What This Skill Does
When you invoke this skill from your project, it handles the complete benchmarking process end-to-end:
- Asks you 5 questions about your setup preferences
- Analyzes your memory code to understand how it works
- Generates integration code automatically
- Runs the full benchmark comparing your system to competitors
- Shows you the results with clear performance comparisons
No manual commands needed - everything runs automatically from start to finish.
When to Use This Skill
Use this skill when you:
- Built a custom memory/context system and want to see how it performs
- Need objective metrics comparing your implementation to industry solutions
- Want to benchmark on standardized datasets (conversational memory, RAG, dialogue)

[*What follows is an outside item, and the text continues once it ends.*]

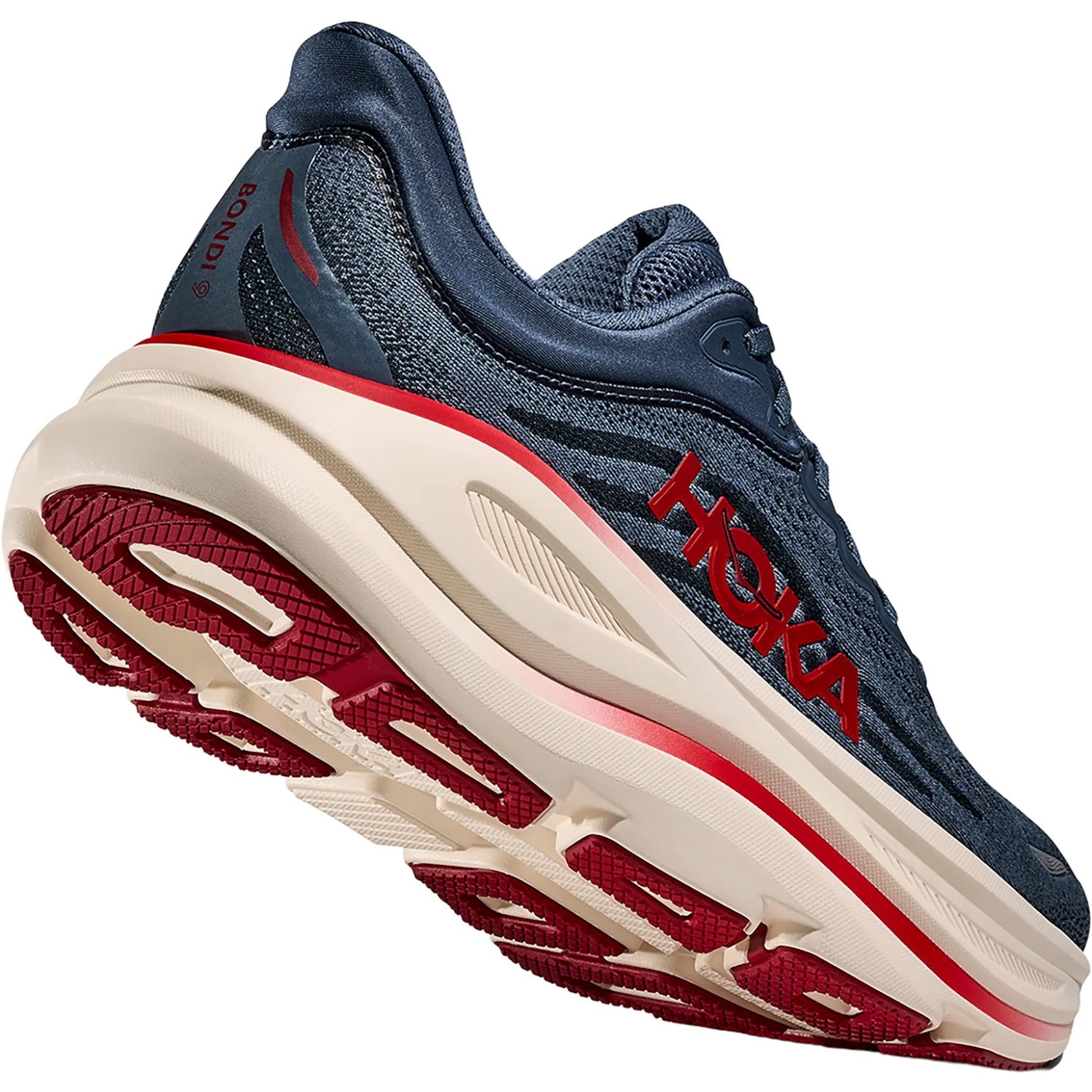 Hoka Bondi 9 (Neutral Support) Men's Athletic Shoes Thunder Cloud/Vermillion - Image 7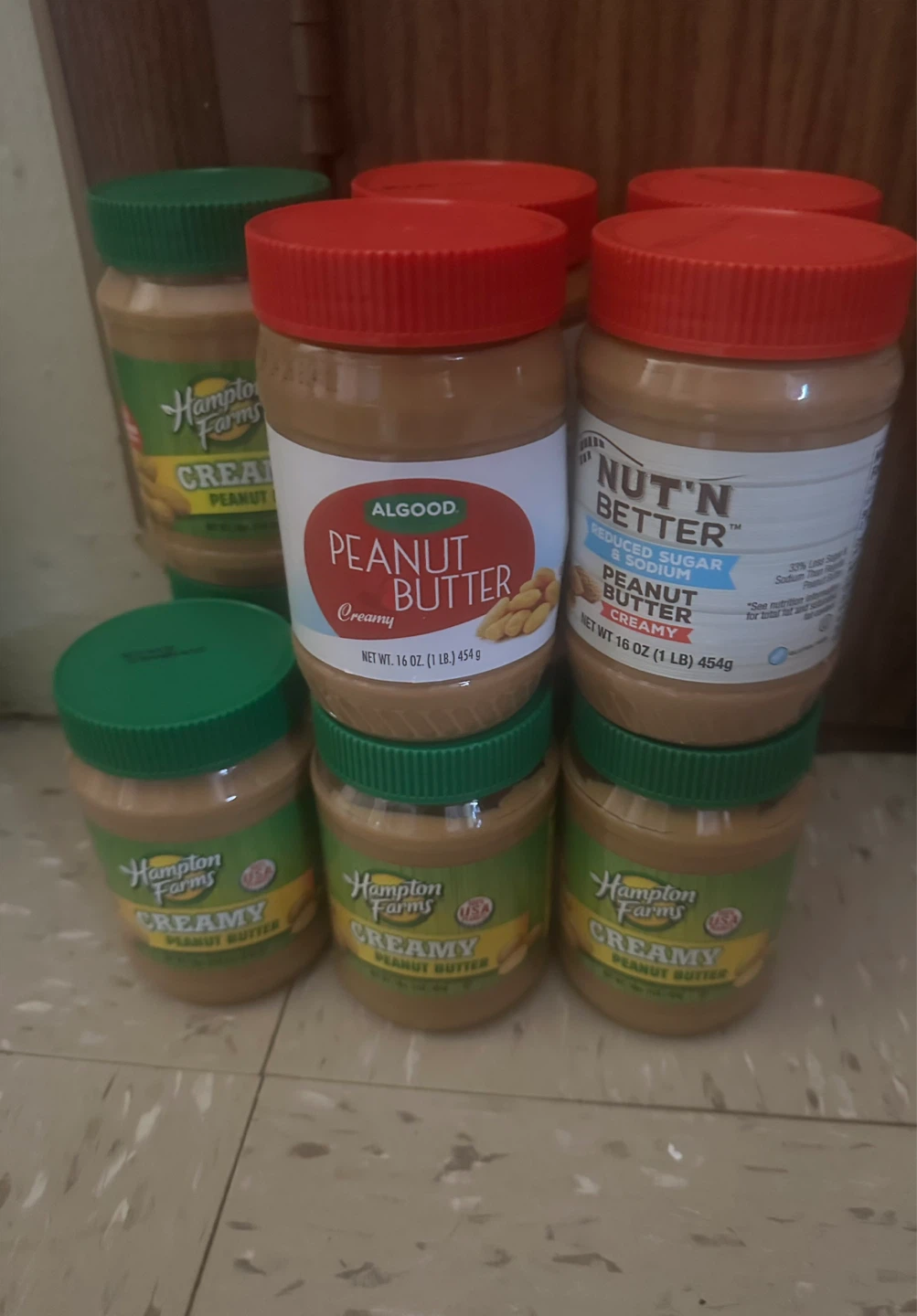 Lot of 6 Hampton Farms Creamy Peanut Butter Jars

- Are considering which memory system to use and want data-driven comparison
How It Works
The 7 Automated Phases
Phase 1: Setup
Phase 2: Discovery
- Uses AI agents to analyze your memory codebase
- Identifies initialization, ingestion, and search methods
- Detects required configuration and API keys
- Understands your data formats
Phase 3: Code Generation
- Creates a provider adapter implementing the MemoryBench interface
- Copies and adapts your memory code into the provider
- Generates custom prompts if needed for your result format
- See Provider Template Reference
Phase 4: Registration
- Updates
src/types/provider.ts with your provider name
- Registers provider in
src/providers/index.ts
- Adds configuration in
src/utils/config.ts
- Documents environment variables
Phase 5: Configuration
- Creates
.env.local with required API keys
- Asks for your provider credentials
- Asks for comparison provider keys (if selected)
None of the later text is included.